INPUT DATA —

────────────────────────────────────────

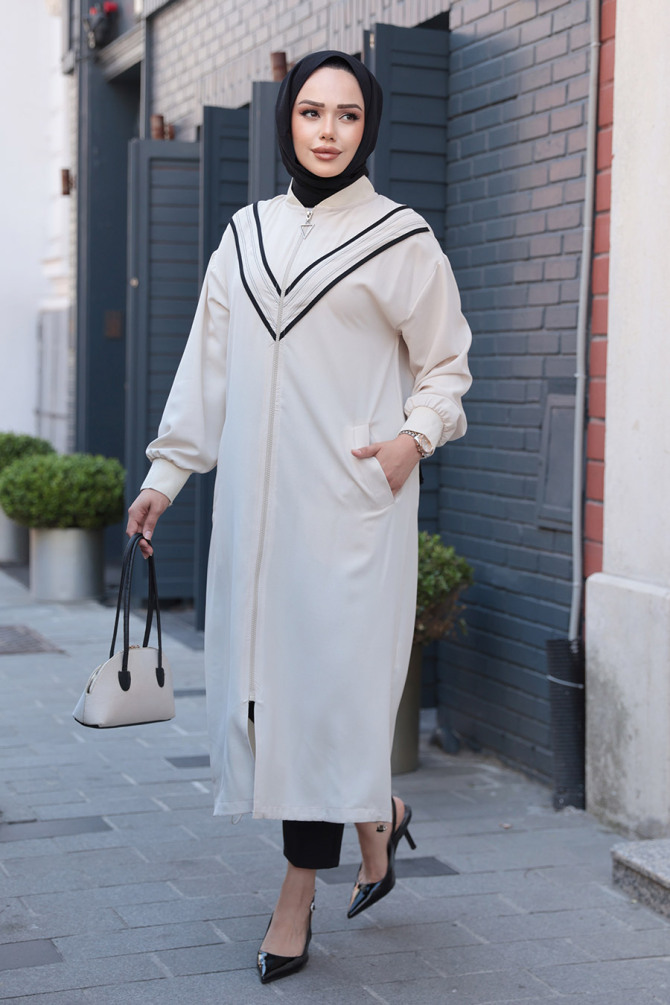 Fermuarlı Bej Tesettür Kap 15201BEJ - NEVA STYLE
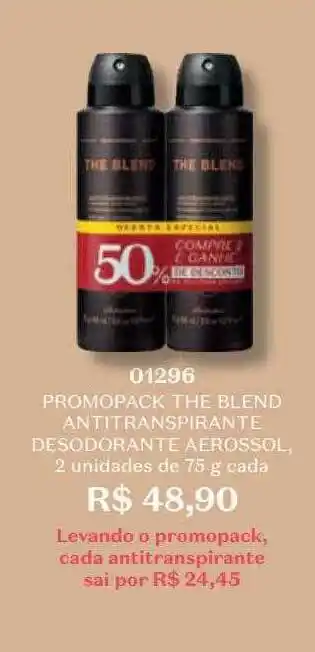 O Boticário Promopack the blend antitranspirante desodorante aerossol 01296 oferta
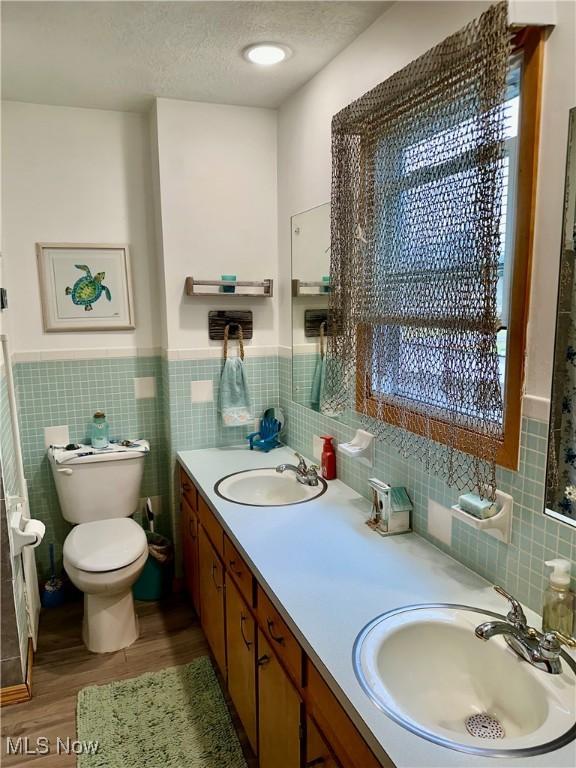 full bathroom with wood finished floors, toilet, wainscoting, and a sink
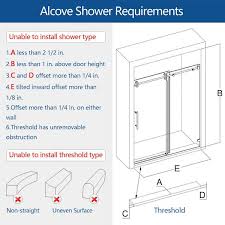 Mcocod 54 In W X 76 In H Single Sliding Frameless Shower Door In Brushed Nickel With Smooth Sliding And 3 8 In 10 Mm Glass
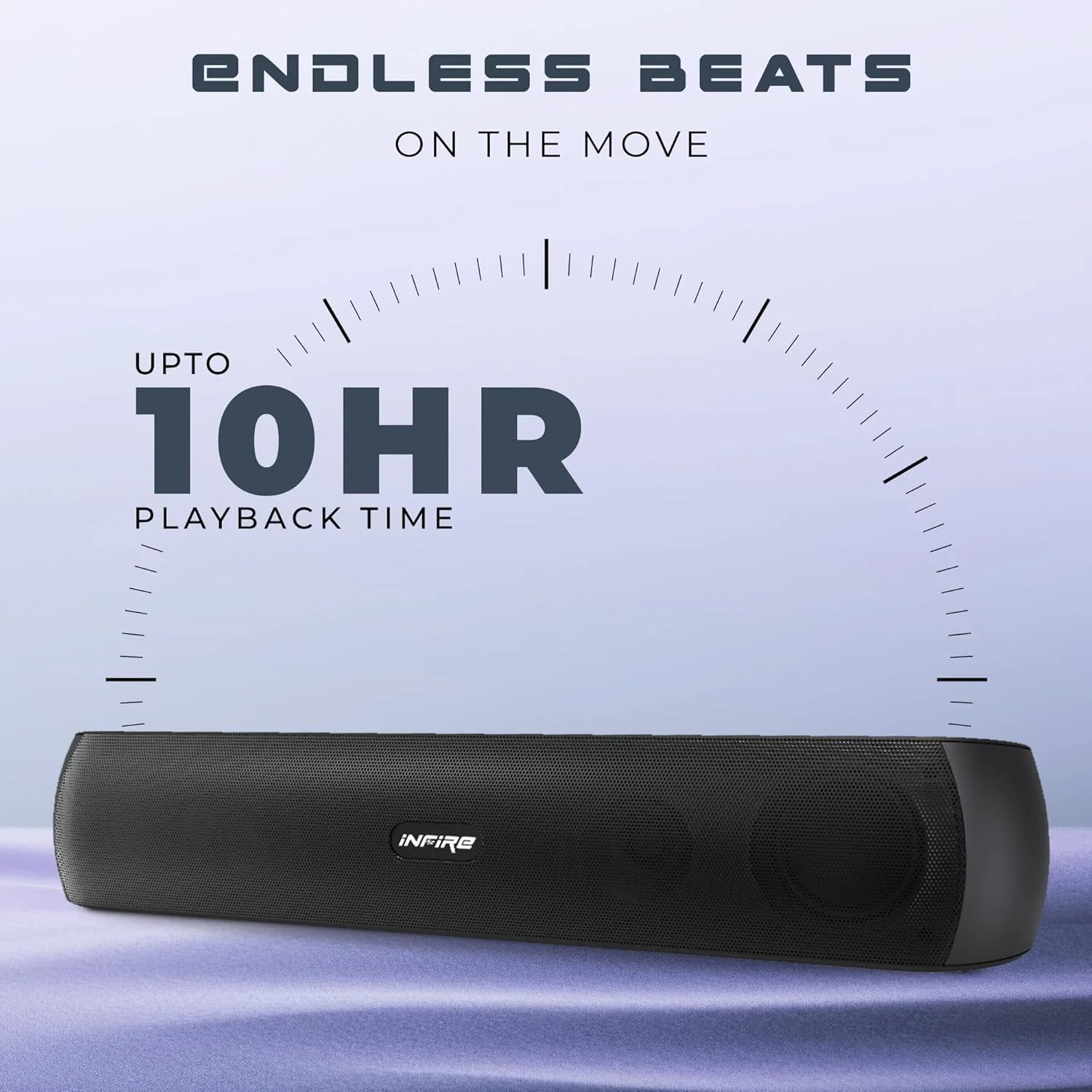 اسپیکر ساندبار بلوتوث iNFiRe FireBar 12، صدای قدرتمند 12 واتی، تا 10 ساعت پخش، ساندبار برای تلفن/تلویزیون/لپ‌تاپ/تبلت/پروژکتور، با عملکرد TWS (مشکی)
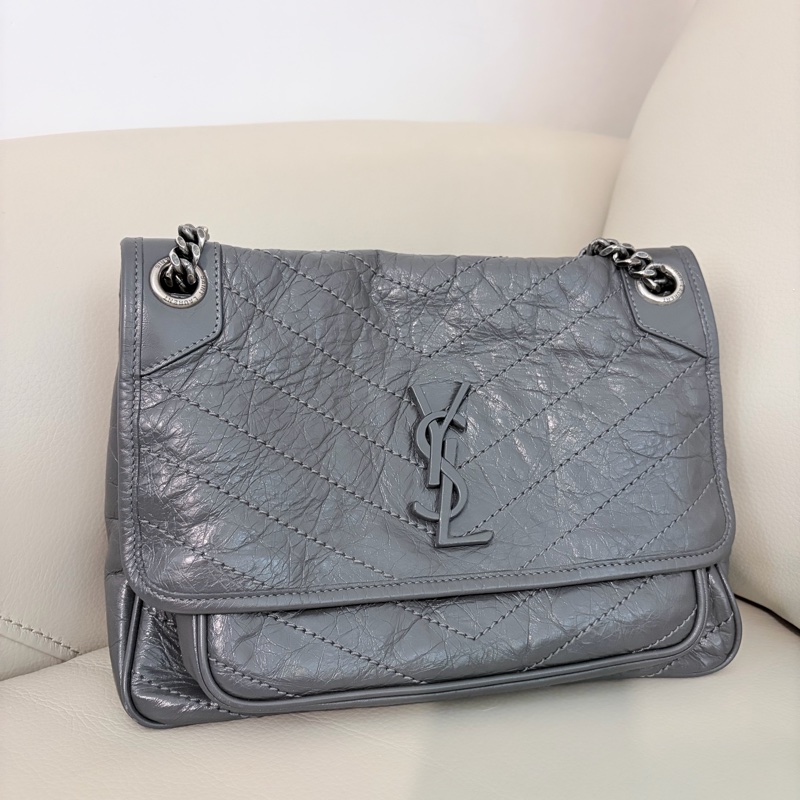 YSL Niki Medium Grey 聖羅蘭NIKI復古皮革中號 （灰色）-5
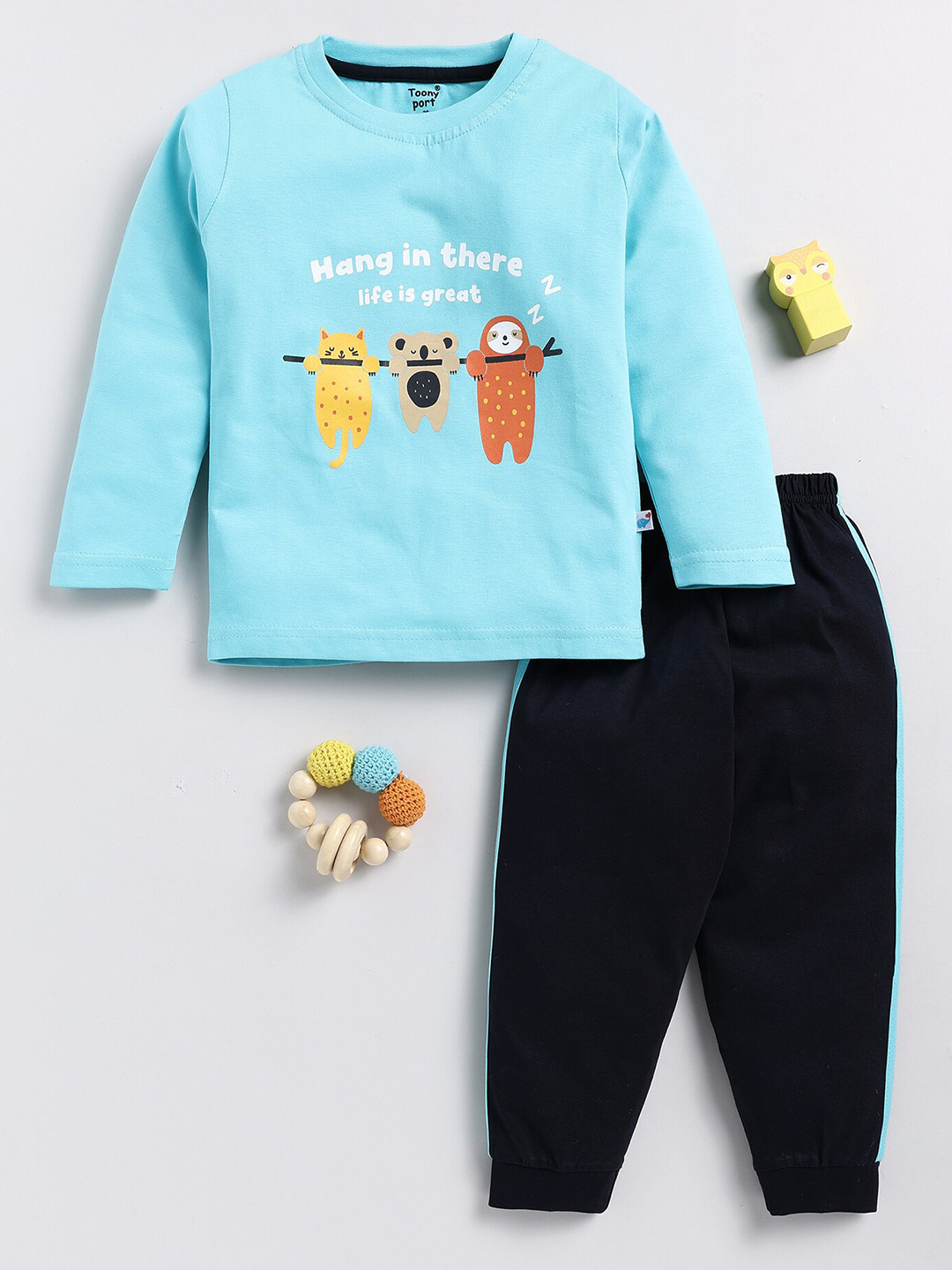 

Toonyport Boys Printed Pure Cotton T-shirt With Trousers, Blue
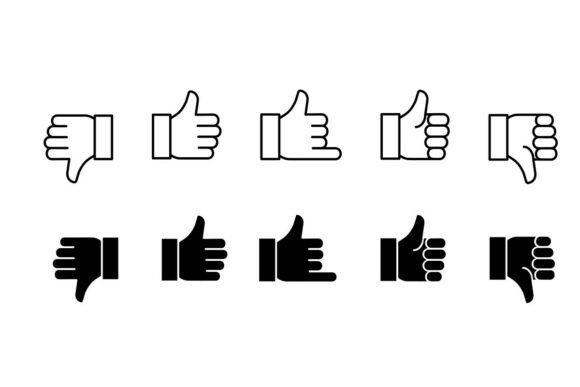 Hand Like and Dislike Gestures Icon Review for Real Embroidery Projects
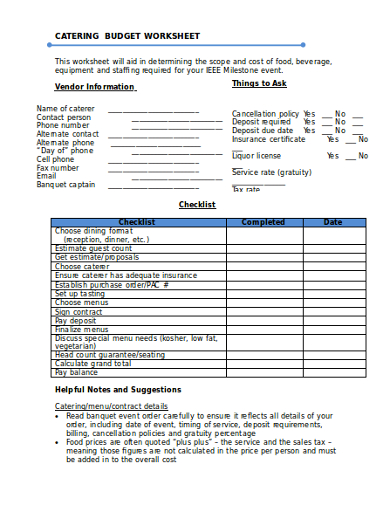 10+ Catering Budget Templates - PDF, DOC | Free & Premium Templates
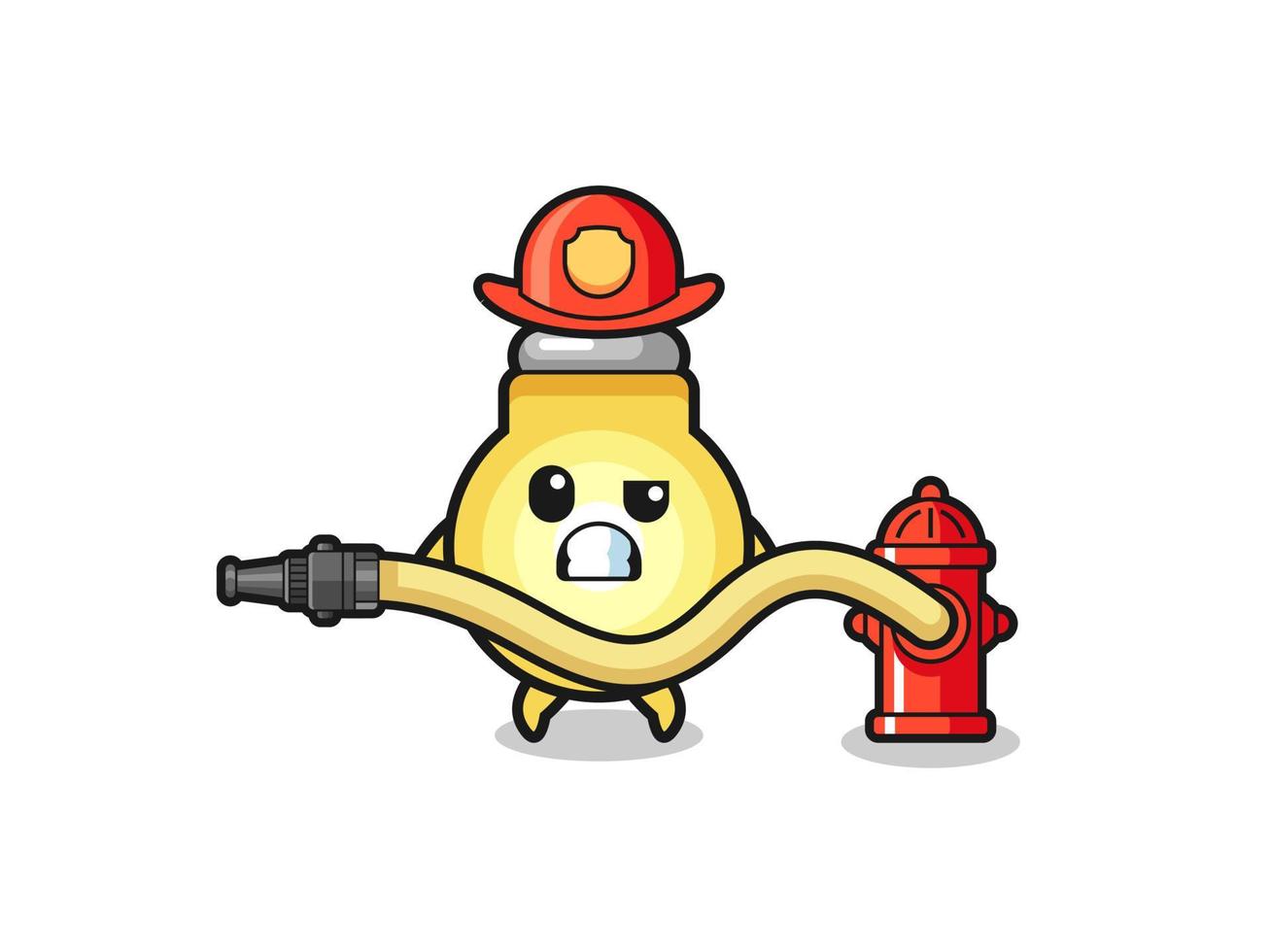 light bulb cartoon as firefighter mascot with water hose vector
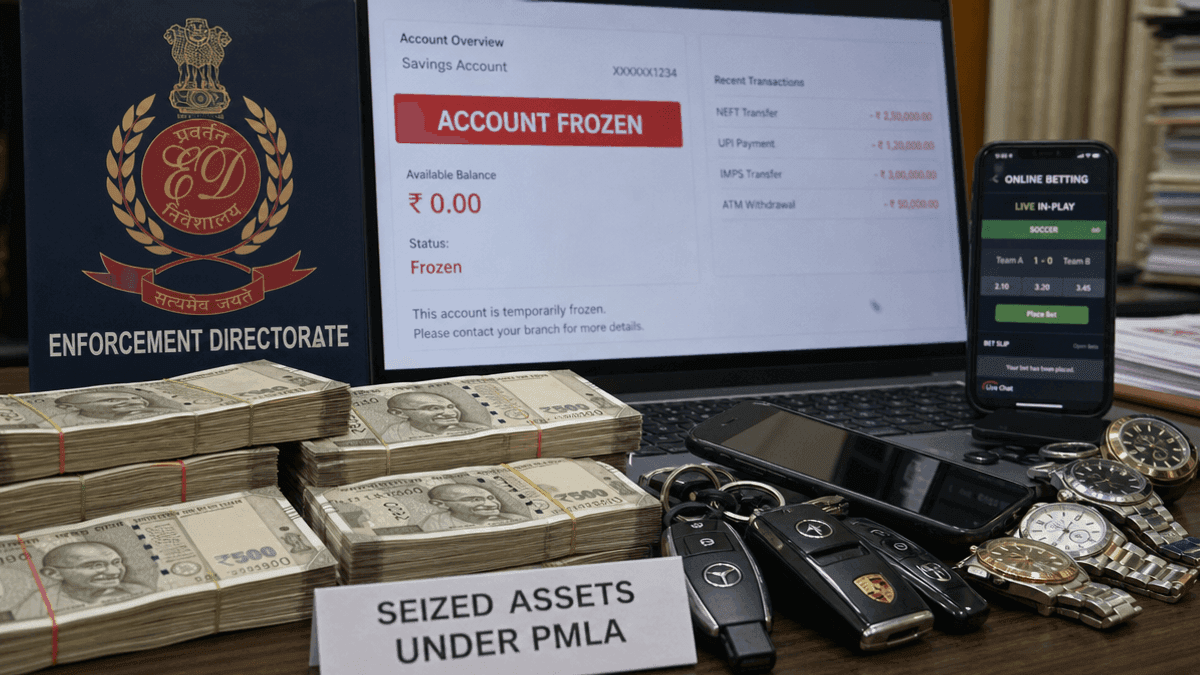 ED Freezes Accounts in Rs 58 Cr Gaming Fraud Probe
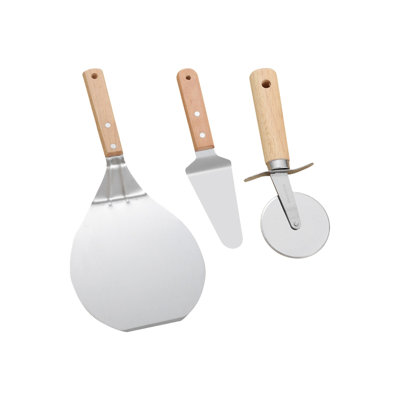 Stainless steel pizza scoop Stainless Steel Pizza Shovel With Wooden Handle  Large Pizza Shovel  Steak Pancake  Barbecue   Cake Transfer Shovel  Pizza Wheel Knife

────────────────────────────────────────

PROBLEM DESCRIPTION — Repeat the listing above exactly, omitting the pictures it contains.

RESULT BELOW —
 Fermuarlı Bej Tesettür Kap 15201BEJ - NEVA STYLE
 O Boticário Promopack the blend antitranspirante desodorante aerossol 01296 oferta
 full bathroom with wood finished floors, toilet, wainscoting, and a sink
 Mcocod 54 In W X 76 In H Single Sliding Frameless Shower Door In Brushed Nickel With Smooth Sliding And 3 8 In 10 Mm Glass
 اسپیکر ساندبار بلوتوث iNFiRe FireBar 12، صدای قدرتمند 12 واتی، تا 10 ساعت پخش، ساندبار برای تلفن/تلویزیون/لپ‌تاپ/تبلت/پروژکتور، با عملکرد TWS (مشکی)
 YSL Niki Medium Grey 聖羅蘭NIKI復古皮革中號 （灰色）-5

Toonyport Boys Printed Pure Cotton T-shirt With Trousers, Blue
 Hand Like and Dislike Gestures Icon Review for Real Embroidery Projects
 10+ Catering Budget Templates - PDF, DOC | Free & Premium Templates
 light bulb cartoon as firefighter mascot with water hose vector
 ED Freezes Accounts in Rs 58 Cr Gaming Fraud Probe
 Stainless steel pizza scoop Stainless Steel Pizza Shovel With Wooden Handle  Large Pizza Shovel  Steak Pancake  Barbecue   Cake Transfer Shovel  Pizza Wheel Knife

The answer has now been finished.